## [What is being asked]
Print the data below exactly, but only the lines from the one containing "98-brady-street-port-colborne-ontario-x12792674" down to the one containing "Frank'S And Art", inclusive.

## [Recorded information]
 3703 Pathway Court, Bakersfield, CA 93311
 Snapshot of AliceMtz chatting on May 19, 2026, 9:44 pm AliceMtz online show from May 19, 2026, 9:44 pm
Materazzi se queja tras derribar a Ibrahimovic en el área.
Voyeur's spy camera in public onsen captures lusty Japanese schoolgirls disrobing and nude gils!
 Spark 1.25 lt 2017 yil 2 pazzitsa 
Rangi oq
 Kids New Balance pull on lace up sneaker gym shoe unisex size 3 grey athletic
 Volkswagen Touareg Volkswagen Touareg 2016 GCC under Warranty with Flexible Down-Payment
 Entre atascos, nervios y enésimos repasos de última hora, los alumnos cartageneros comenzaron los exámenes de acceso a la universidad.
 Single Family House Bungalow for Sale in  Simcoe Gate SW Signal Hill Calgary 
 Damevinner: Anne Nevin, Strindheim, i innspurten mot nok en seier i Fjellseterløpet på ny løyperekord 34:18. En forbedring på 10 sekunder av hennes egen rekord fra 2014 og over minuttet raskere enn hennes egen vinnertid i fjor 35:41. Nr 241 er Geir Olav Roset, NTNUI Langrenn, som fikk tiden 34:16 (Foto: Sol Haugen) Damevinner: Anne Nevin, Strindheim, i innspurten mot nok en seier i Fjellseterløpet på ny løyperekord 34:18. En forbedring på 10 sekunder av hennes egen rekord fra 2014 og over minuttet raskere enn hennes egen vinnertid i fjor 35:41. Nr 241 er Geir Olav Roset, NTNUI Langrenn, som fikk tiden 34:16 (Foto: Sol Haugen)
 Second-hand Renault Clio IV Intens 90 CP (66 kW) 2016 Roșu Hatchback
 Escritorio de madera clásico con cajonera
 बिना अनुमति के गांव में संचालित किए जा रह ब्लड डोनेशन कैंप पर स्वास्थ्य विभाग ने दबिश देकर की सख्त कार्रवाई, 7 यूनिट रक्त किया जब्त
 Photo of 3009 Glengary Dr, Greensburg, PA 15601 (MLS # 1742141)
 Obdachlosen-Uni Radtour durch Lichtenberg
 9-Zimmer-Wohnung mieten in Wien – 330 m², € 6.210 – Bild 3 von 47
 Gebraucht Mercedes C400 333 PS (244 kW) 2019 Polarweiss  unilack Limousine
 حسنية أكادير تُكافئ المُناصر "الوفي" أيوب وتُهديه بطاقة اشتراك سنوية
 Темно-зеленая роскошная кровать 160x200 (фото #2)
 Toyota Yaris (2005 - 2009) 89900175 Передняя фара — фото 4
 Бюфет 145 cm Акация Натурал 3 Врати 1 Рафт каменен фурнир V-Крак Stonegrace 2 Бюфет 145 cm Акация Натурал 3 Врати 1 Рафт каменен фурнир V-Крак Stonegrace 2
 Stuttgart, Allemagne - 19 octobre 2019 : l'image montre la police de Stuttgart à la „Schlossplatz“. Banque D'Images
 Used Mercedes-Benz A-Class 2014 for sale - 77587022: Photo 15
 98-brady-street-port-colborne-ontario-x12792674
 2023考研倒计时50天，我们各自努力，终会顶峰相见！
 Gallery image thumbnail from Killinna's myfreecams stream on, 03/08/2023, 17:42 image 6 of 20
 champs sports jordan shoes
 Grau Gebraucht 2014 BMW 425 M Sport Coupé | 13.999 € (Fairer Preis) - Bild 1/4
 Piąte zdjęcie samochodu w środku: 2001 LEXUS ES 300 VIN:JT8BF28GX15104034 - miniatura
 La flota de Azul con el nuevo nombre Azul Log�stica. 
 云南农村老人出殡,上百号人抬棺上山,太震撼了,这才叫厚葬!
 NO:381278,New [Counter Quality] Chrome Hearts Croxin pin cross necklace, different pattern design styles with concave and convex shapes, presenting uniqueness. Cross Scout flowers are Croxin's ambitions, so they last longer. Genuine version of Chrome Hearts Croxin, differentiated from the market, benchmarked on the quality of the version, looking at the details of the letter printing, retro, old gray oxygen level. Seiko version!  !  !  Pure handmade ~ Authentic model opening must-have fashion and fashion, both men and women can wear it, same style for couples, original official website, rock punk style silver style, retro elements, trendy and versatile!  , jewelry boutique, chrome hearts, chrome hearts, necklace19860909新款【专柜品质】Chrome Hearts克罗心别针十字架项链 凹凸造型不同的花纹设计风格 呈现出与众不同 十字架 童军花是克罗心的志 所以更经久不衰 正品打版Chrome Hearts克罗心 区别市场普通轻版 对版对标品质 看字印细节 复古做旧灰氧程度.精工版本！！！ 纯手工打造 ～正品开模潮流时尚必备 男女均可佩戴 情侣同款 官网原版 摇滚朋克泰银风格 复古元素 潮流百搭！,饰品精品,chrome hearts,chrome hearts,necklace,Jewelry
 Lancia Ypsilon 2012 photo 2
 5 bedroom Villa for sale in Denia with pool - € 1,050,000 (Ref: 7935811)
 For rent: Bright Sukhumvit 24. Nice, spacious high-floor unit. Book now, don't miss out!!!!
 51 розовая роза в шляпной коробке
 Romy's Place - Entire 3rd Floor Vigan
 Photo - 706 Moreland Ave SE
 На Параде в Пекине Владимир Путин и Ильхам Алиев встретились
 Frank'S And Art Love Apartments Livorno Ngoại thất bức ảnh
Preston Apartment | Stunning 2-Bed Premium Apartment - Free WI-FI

## [Result of the exercise]
 98-brady-street-port-colborne-ontario-x12792674
 2023考研倒计时50天，我们各自努力，终会顶峰相见！
 Gallery image thumbnail from Killinna's myfreecams stream on, 03/08/2023, 17:42 image 6 of 20
 champs sports jordan shoes
 Grau Gebraucht 2014 BMW 425 M Sport Coupé | 13.999 € (Fairer Preis) - Bild 1/4
 Piąte zdjęcie samochodu w środku: 2001 LEXUS ES 300 VIN:JT8BF28GX15104034 - miniatura
 La flota de Azul con el nuevo nombre Azul Log�stica. 
 云南农村老人出殡,上百号人抬棺上山,太震撼了,这才叫厚葬!
 NO:381278,New [Counter Quality] Chrome Hearts Croxin pin cross necklace, different pattern design styles with concave and convex shapes, presenting uniqueness. Cross Scout flowers are Croxin's ambitions, so they last longer. Genuine version of Chrome Hearts Croxin, differentiated from the market, benchmarked on the quality of the version, looking at the details of the letter printing, retro, old gray oxygen level. Seiko version!  !  !  Pure handmade ~ Authentic model opening must-have fashion and fashion, both men and women can wear it, same style for couples, original official website, rock punk style silver style, retro elements, trendy and versatile!  , jewelry boutique, chrome hearts, chrome hearts, necklace19860909新款【专柜品质】Chrome Hearts克罗心别针十字架项链 凹凸造型不同的花纹设计风格 呈现出与众不同 十字架 童军花是克罗心的志 所以更经久不衰 正品打版Chrome Hearts克罗心 区别市场普通轻版 对版对标品质 看字印细节 复古做旧灰氧程度.精工版本！！！ 纯手工打造 ～正品开模潮流时尚必备 男女均可佩戴 情侣同款 官网原版 摇滚朋克泰银风格 复古元素 潮流百搭！,饰品精品,chrome hearts,chrome hearts,necklace,Jewelry
 Lancia Ypsilon 2012 photo 2
 5 bedroom Villa for sale in Denia with pool - € 1,050,000 (Ref: 7935811)
 For rent: Bright Sukhumvit 24. Nice, spacious high-floor unit. Book now, don't miss out!!!!
 51 розовая роза в шляпной коробке
 Romy's Place - Entire 3rd Floor Vigan
 Photo - 706 Moreland Ave SE
 На Параде в Пекине Владимир Путин и Ильхам Алиев встретились
 Frank'S And Art Love Apartments Livorno Ngoại thất bức ảnh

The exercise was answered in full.